Special care must be taken when dealing with an S corporation. Debt basis is handled differently in an S corporation than in a partnership.
Special limitations apply to at-risk borrowed funds. Nonrecourse debt never counts toward debt basis and money borrowed from another person with an interest in the activity is disallowed after May 3, 2004.
Special Rules for Rental Activity
Rental real estate is always a passive activity unless you are a real estate professional. Rental activities are allowed a $25,000 passive loss per year against other income. These rules apply:
You or your spouse must have active participation in the rental activity. You must own at east 10% of the rental property. Management decisions, such as: approving tenants and hiring contractors for repairs, count toward active participation.
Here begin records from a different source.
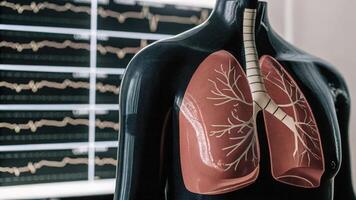 A detailed view of a human torso with a digital overlay of a respiratory system dynamically showing airflow patterns and lung capacity complemented by fluctuating graphs in the. photo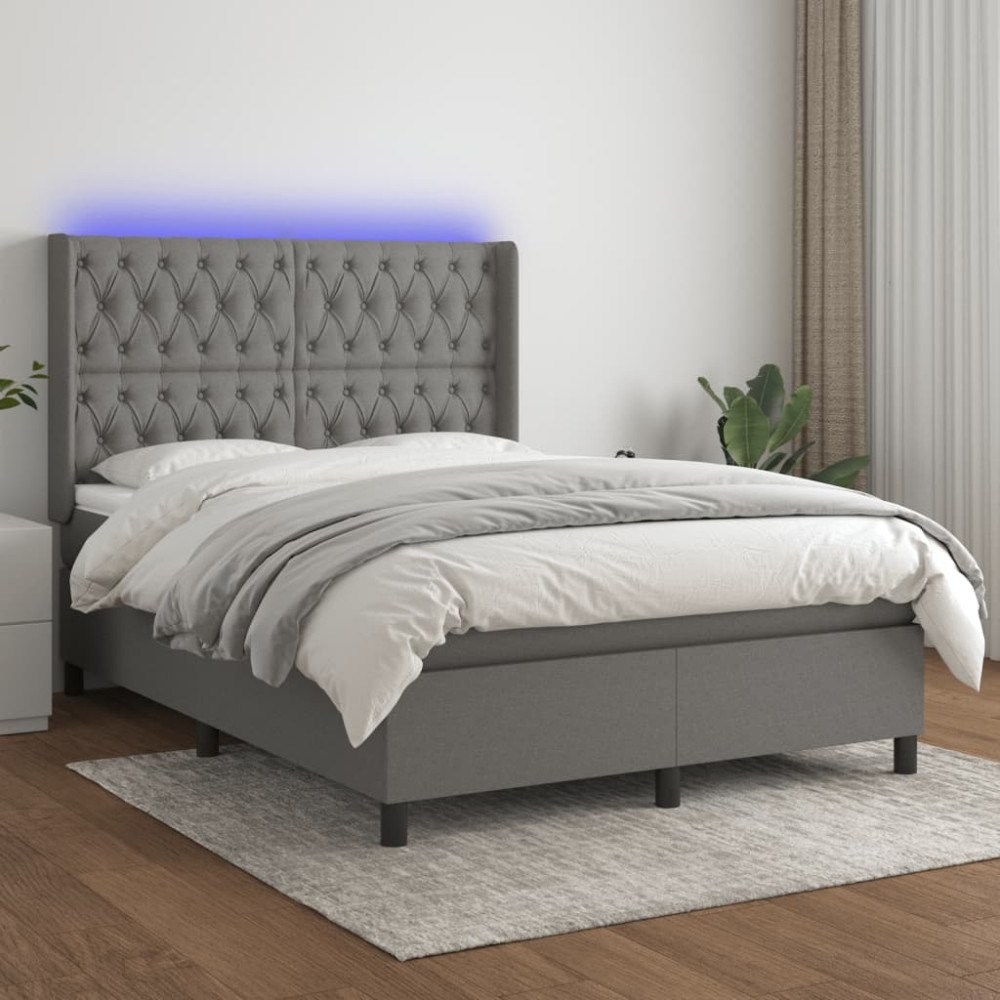 vidaXL Ramsäng med madrass & LED mörkgrå 140x190 cm tyg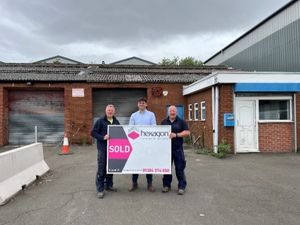 L-R: Mark Stewardson, Jack Summers (Hexagon) and Phil Stewardson at unit 10 in Pedmore Road, Brierley Hill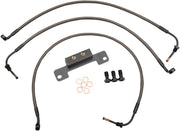 LA Choppers Midnight Braided Brake Hose Kit For Harley Davidson FLHR 1690 2014-2015 12" - 14" - Black/Midnight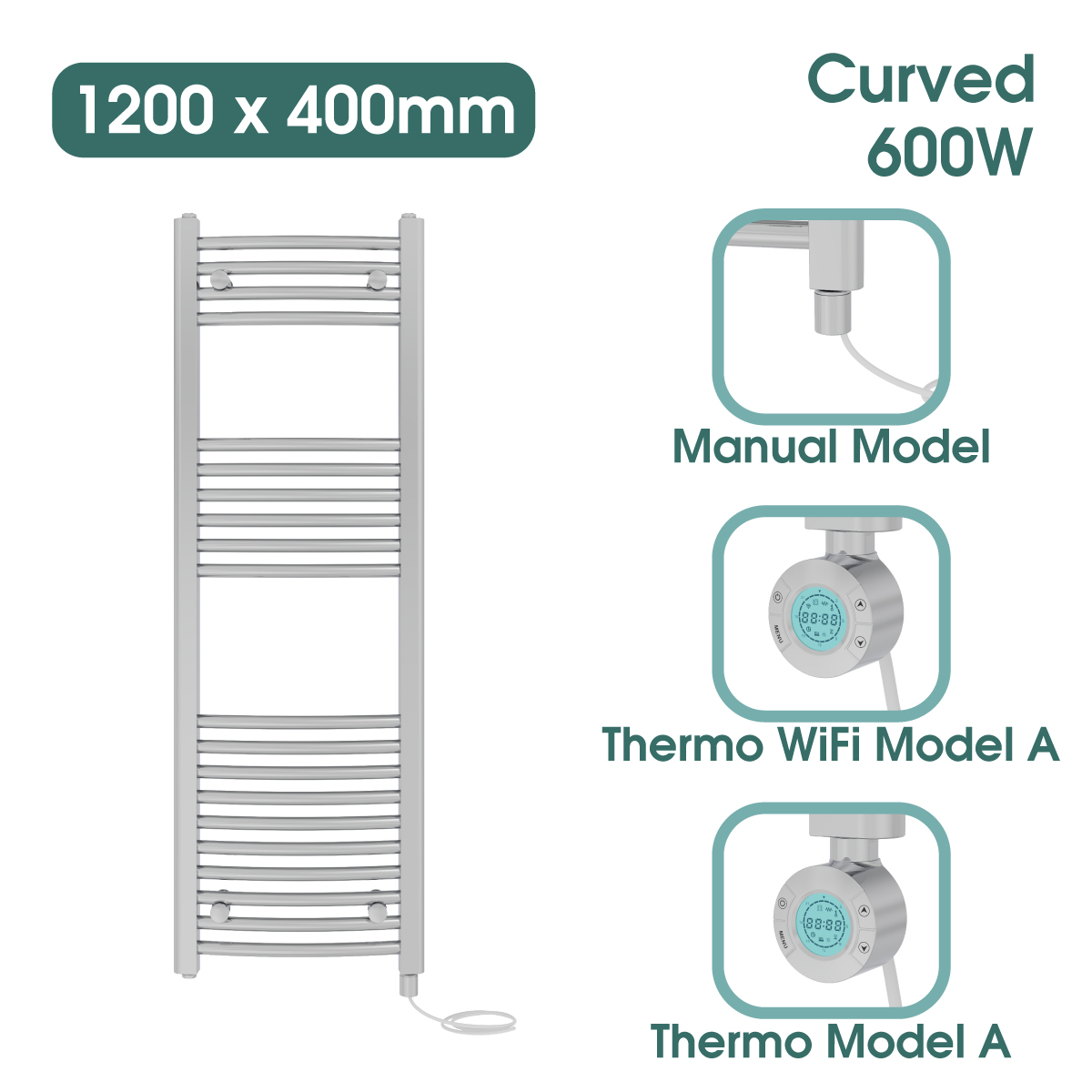 Chrome Prefilled Bathroom Electric Warmer Thermostatic Towel Rail Radiator - Picture 39 of 150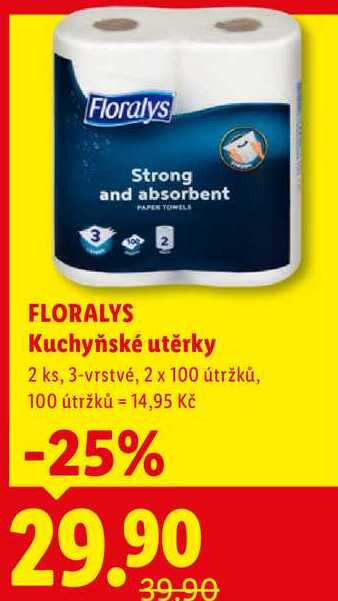 FLORALYS Kuchyňské utěrky, 2 ks
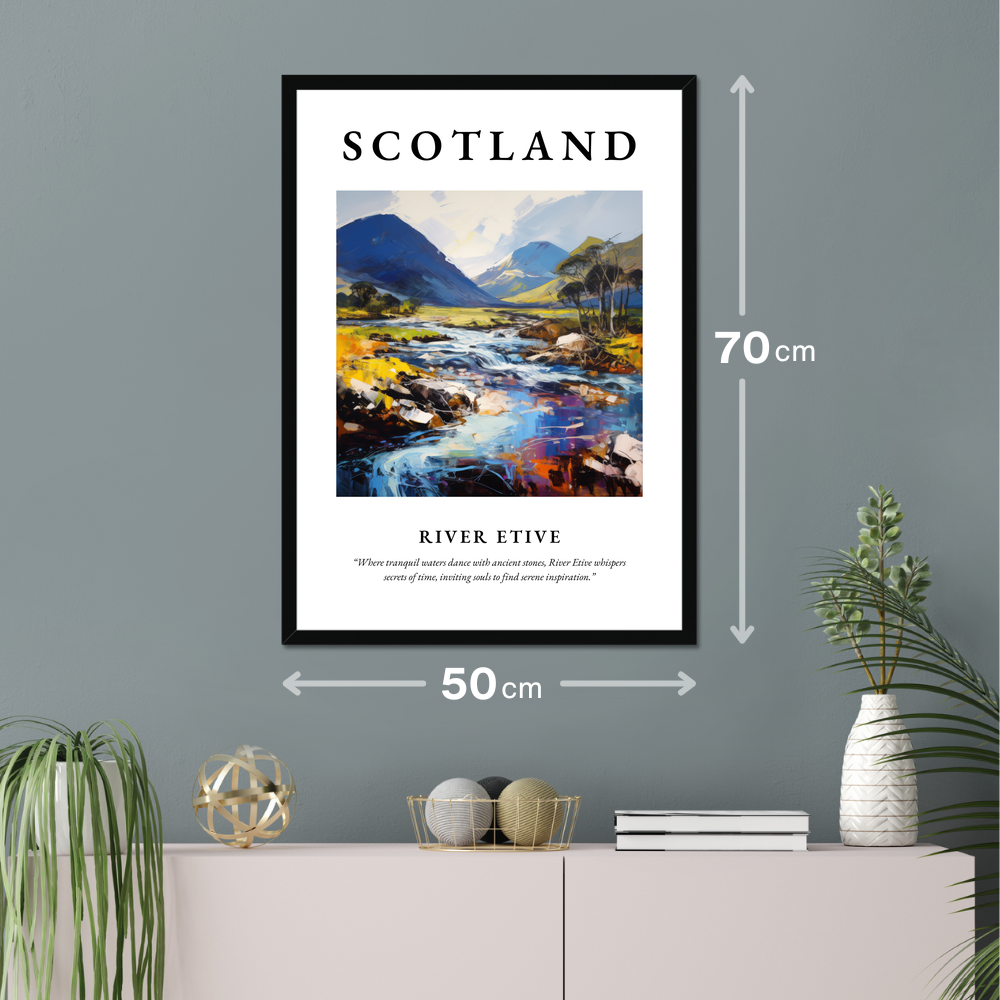 Poster of River Etive hanging on a wall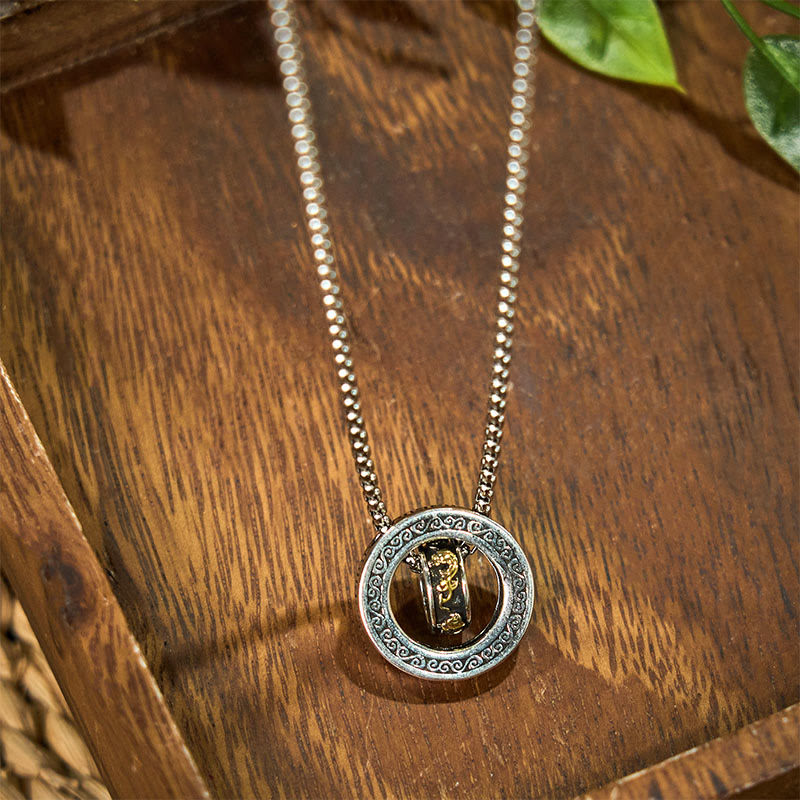 Buddha Stones Double Ring PiXiu Peace Buckle Wealth Rotatable Necklace Pendant - image 4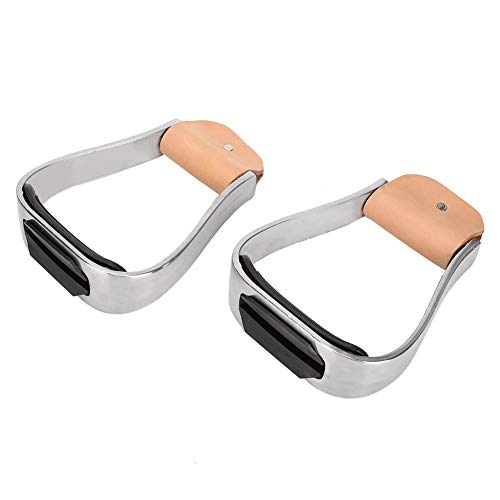 Aluminum Western Horse Saddle Stirrups, 4.9 Inch Width, Metal Construction for Horse Riding
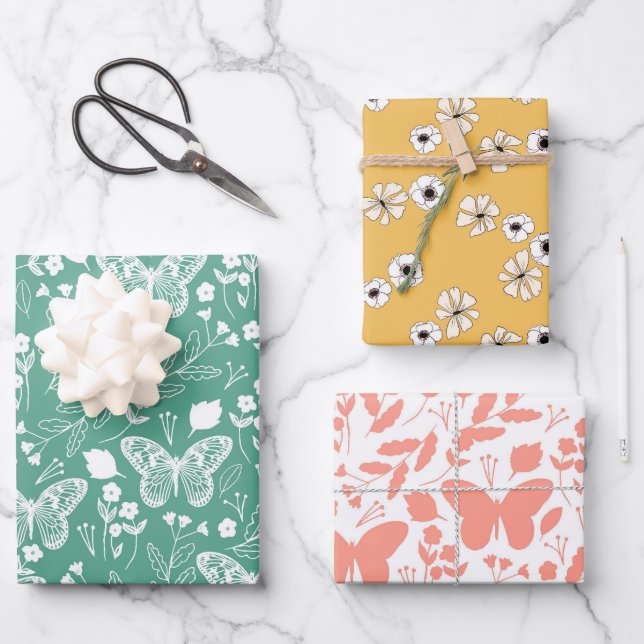 Feuille De Papier Cadeau Papillon Pastel Fleurs Jaunes (Recto)
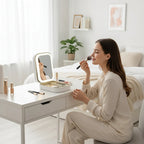 LED Light Mirror – Adjustable Angle – Organiser for Beauty Lovers – Bright Lighting for Flawless Look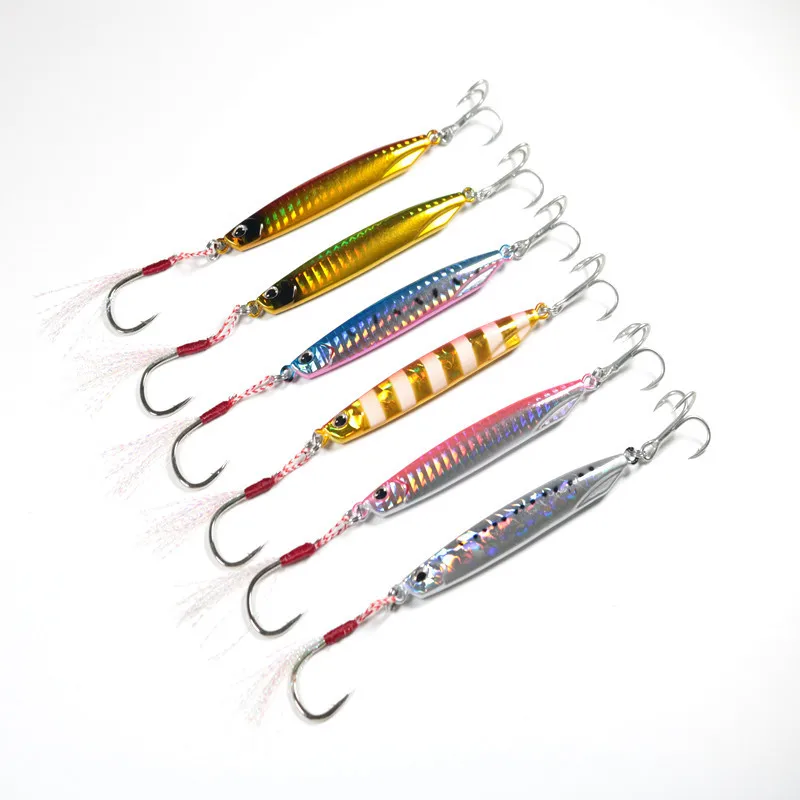 Señuelo de pesca Jigbait de fundición larga, señuelos artificiales para el cuerpo aerodinámico, revestimiento de plomo láser, plantilla de Metal de 30-60g, cebo duro, 1 pieza en oferta - imagen 3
Loss must be aggregated with all rental property, gainers and losers.
Limited partners cannot meet the active participation test.
- The Real Estate Professional and the IRS
Real estate professional rules can reduce taxes significantly. The rules are complex, but worth the effort. Losses over $25,000 are allowed the real estate professional.
Rental activity losses begin to phase-out when modified adjusted gross income exceeds $100,000 at a 50% rate. Once MAGI hits $150,000 the loss allowance is reduced to zero.
Passive activity rules are complex. A competent tax professional should be sought out to handle these advanced tax issues. Use this article as a refernece when discussing the issues with your tax professional.